Their version of Carolan’s Draught is both laconic and lyrical, a test of the band’s ingenuity, which they pass with flying colours. There are other examples of the musicality and daring here, O’Keefe’s Slide/ The Congress Reel and Cooley’ Reel for example.
String Loaded are a band that have absorbed much of the traditions of the Northern Hemisphere and are making it their own down under.
Seán Laffey


XAVIER BODERIOU, SYLVAIN BAROU & ANTOINE LAHAY
Liamm
Own label, 12 Tracks, 56 Minutes
www.boderiou.com
Xavier Boderiou is one of the most recognized Breton pipers, known as far away as Scotland, his reputation partly based on his success in bagpipe competitions. Far from confining himself to Breton music, however, and following in the footsteps of great Breton musicians such as Alan Stivell or Dan Ar Braz, he has long sought to establish a musical bridge between the music of the different Celtic countries.

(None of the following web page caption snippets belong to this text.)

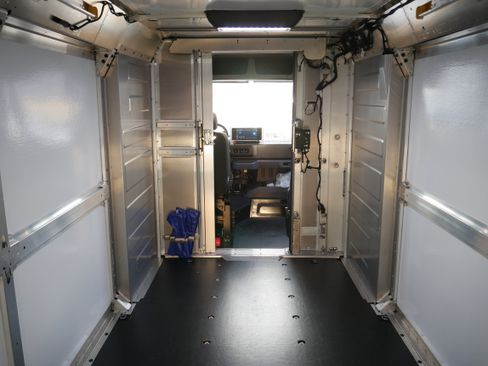 New 2025 Chevrolet Brightdrop 600 w/ Power Door Package image 8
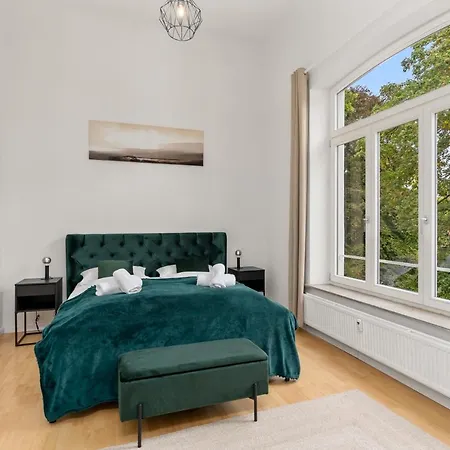 Homey - Riverside - Mit Weserblick Und Parkplatz Bremen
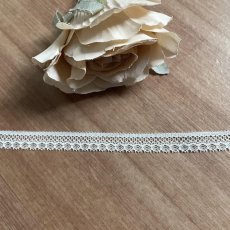 画像4: リバーレース　オフホワイト　3歳で美しいデザイン　幅1cm　1m (4)
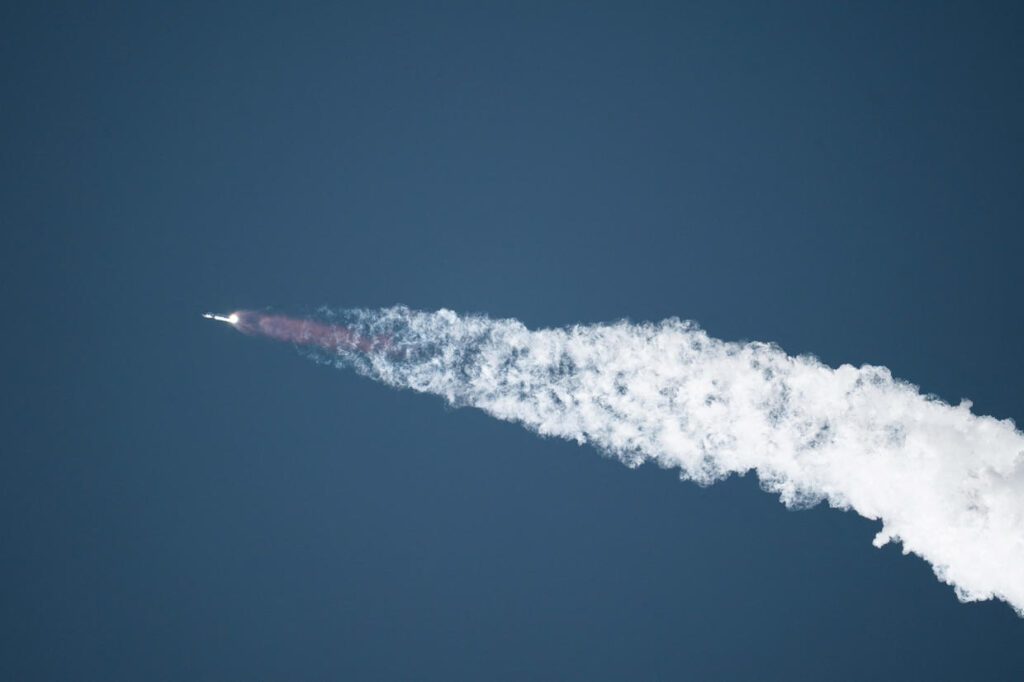 SpaceX’s Ambitious Flight: Super Heavy-Starship Rocket Soars, Yet Falls Short in Stunning Second Test – What Went Wrong?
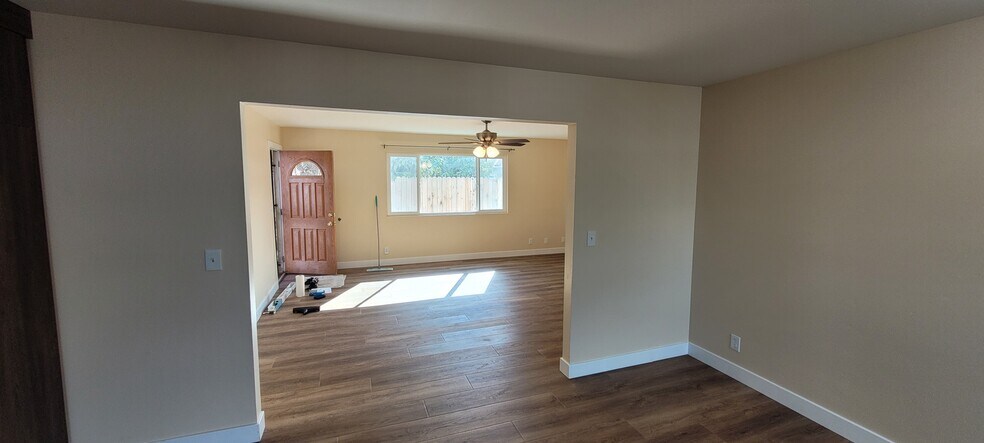 Building Photo - 4001 Gibson Rd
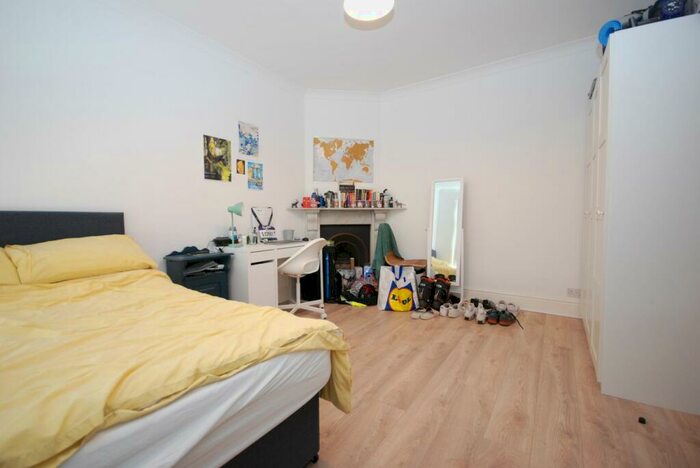 3 Bedroom Apartment To Rent In Oakmead Road, Balham, SW12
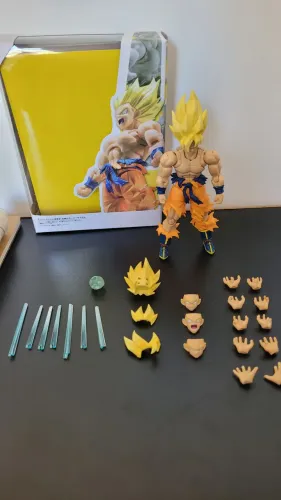 GOKU SUPER SAYAJIN
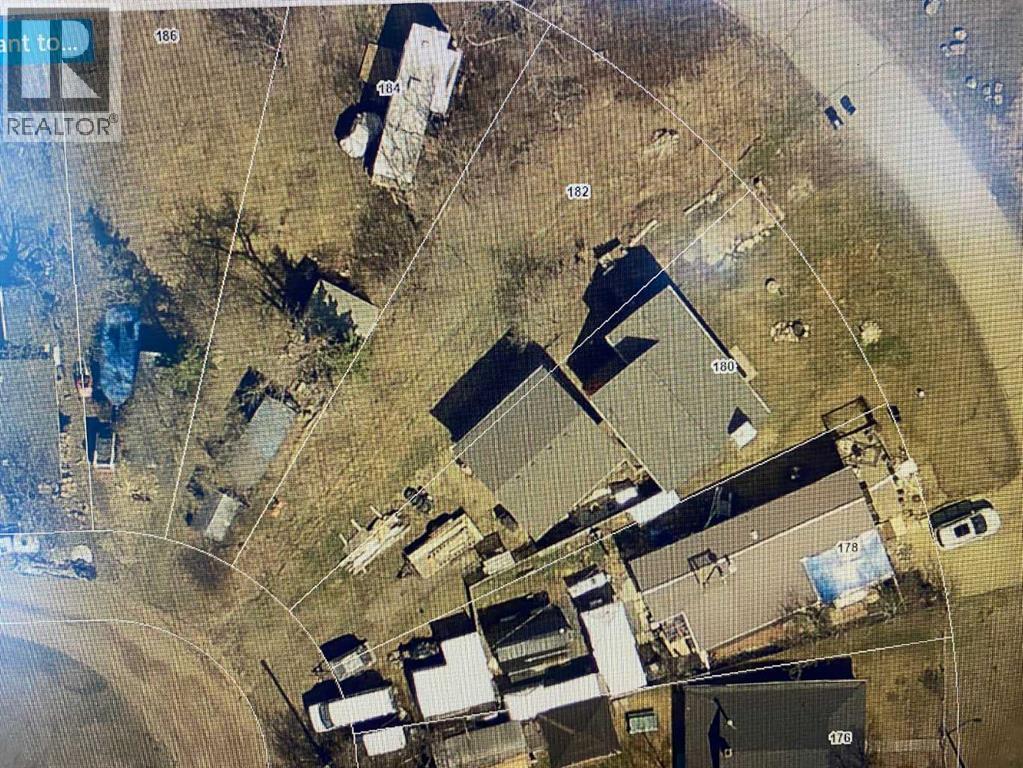 182 22106 South Cooking Lake Road, Rural Strathcona County, Alberta T8E 1G9 - Photo 5 - A2296936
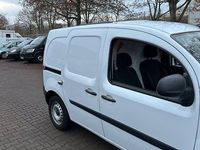 Gebraucht Renault Kangoo 75 PS (55 kW) 2015 Weiß Van / Kleinbus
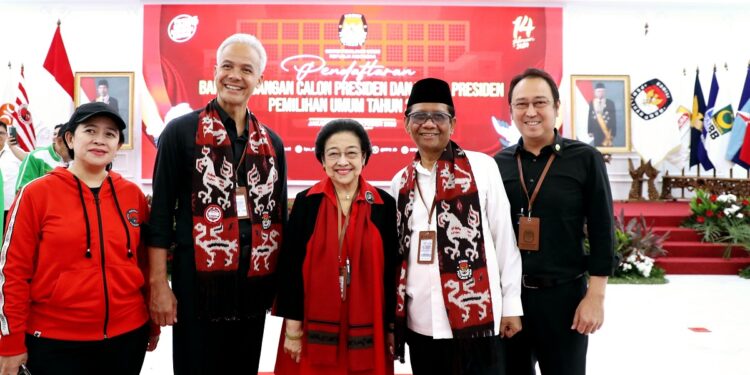 Ganjar-Mahfud Resmi Serahkan Dokumen Pendaftaran ke KPU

Four years ago he released the album Morenn with the flautist Sylvain Barou and the excellent guitarist Jacques Pellen, unfortunately recently deceased. In 2020 he is back with Sylvain Barou and guitarist Antoine Lahay; fittingly Jacques Pellen is present on three tracks.
The result of these encounters is the superb album Liamm, which means link, or connection in the Breton language. A subtle interweaving between instruments, sounds and harmonics, but also between Breton, Irish and Scottish music.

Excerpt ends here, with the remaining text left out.